The goal of our seminar is to go back to the French post-revolutionary period in order to examine what has been called the « British moment » of the French Intellectual History because of its quest for the foundation of a Liberal and Constitutional Monarchy in France.
That period deals with the difficult intellectual challenge for French thinkers to overcome Absolutism in favor of Democracy without rejecting Monarchy as such.
The « British moment » of the French Intellectual History represents then a transitional - and mostly forgotten -moment between the old regime and the contemporary French Republic. Such a particular moment of French History can be decomposed into three main sub-moments and opens three main intellectual, historical and philosophical sequences: 1789 and the debates about the role of the Monarch in the context of « Popular Sovereignty ». The important thinkers of that period we are going to read are J. Necker and Madame de Staël (and some of Rousseau).

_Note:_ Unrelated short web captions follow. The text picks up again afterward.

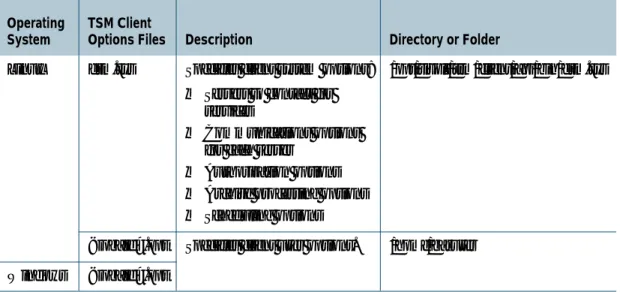 Table 10: TSM Client Options File Characteristics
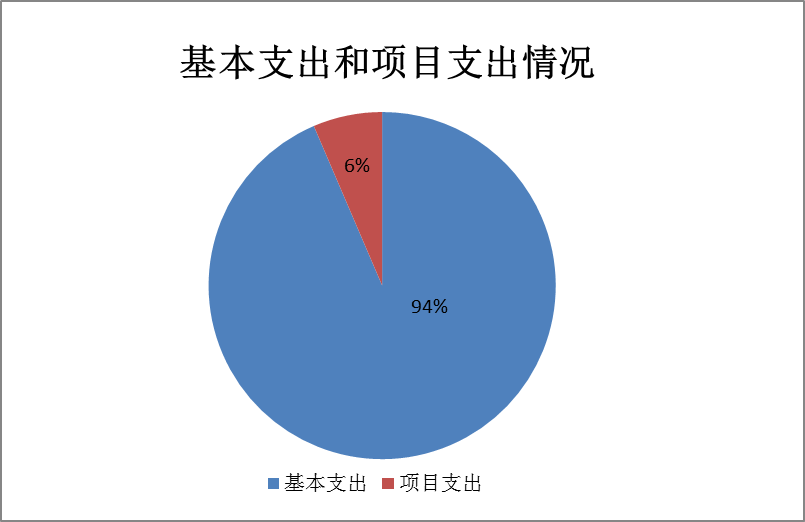 基本支出和项目支出情况.png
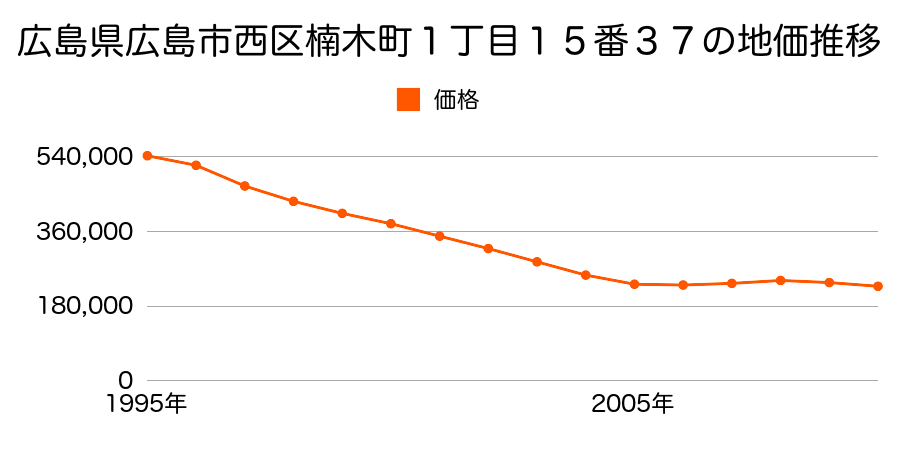 広島県広島市西区楠木町１丁目１５番３７の地価推移のグラフ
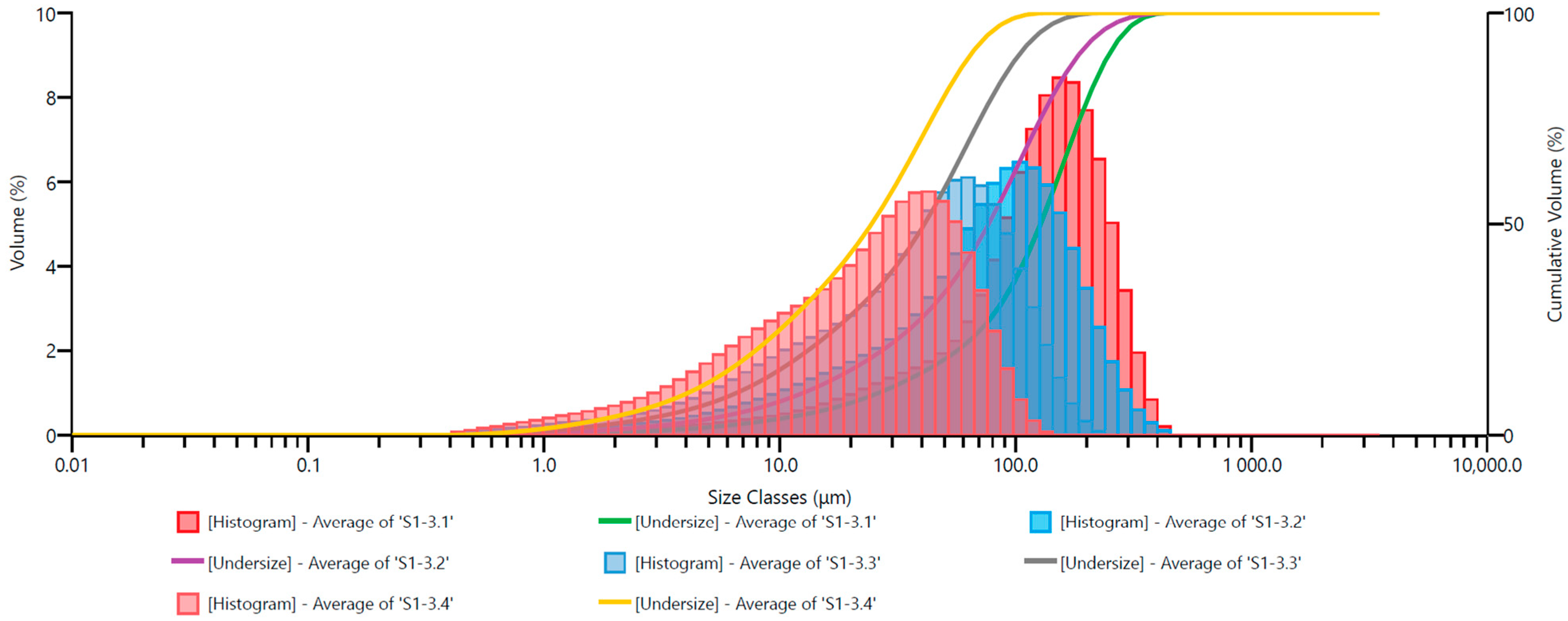 Materials 17 02924 g012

Then 1814, when after Napoleon’s fall France restored the Monarchy through the form of a Constitutional Monarchy. France’s intellectual life will be divided between Conservative Monarchists like Bonald and Chateaubriand and Liberal Monarchists like Benjamin Constant and Alexis de Tocqueville whose thoughts are going to prepare the advent of the Liberal period of French Monarchy after 1830’s Revolution. The goal of our careful readings of Rousseau, Necker, Staël, Bonald Chateaubriand, Constant, Tocqueville and others will be to make sense of what became in current debates about democracy mostly incomprehensible: in which way the nature of the democratic regime makes a difference to the concept of democracy one speaks about.